**TO DO:** Reproduce exactly the lines below, starting at the line that contains "Beline pasek Mi Band 5zielony/green" and ending with the last line of the records, both included; leave out any pictures.

------ INPUT DATA

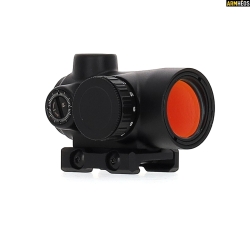 URIKAN POINT ROUGE...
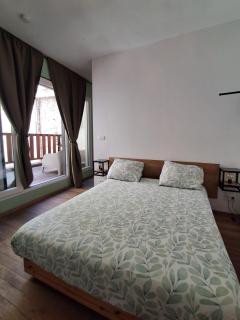 1- Summer Breeze Apartment - 3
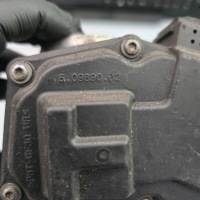 фото thumb №6, Ford fiesta 2012 50989002 дросельна заслінка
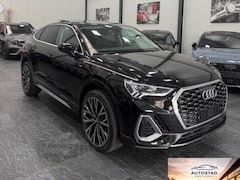 Audi Q3 Sportback - 35 TFSI S Edition Competition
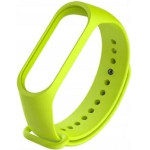 Beline pasek Mi Band 5zielony/green
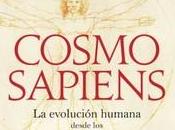 «Cosmosapiens»: reedita monumental ensayo científico divulgativo John Hands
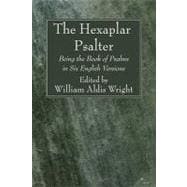 The Hexaplar Psalter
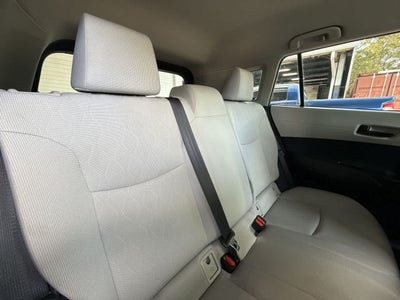 2022 Toyota Corolla Cross L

------------

**RESPONSE BELOW:**
 Beline pasek Mi Band 5zielony/green
 «Cosmosapiens»: reedita monumental ensayo científico divulgativo John Hands
 The Hexaplar Psalter
 2022 Toyota Corolla Cross L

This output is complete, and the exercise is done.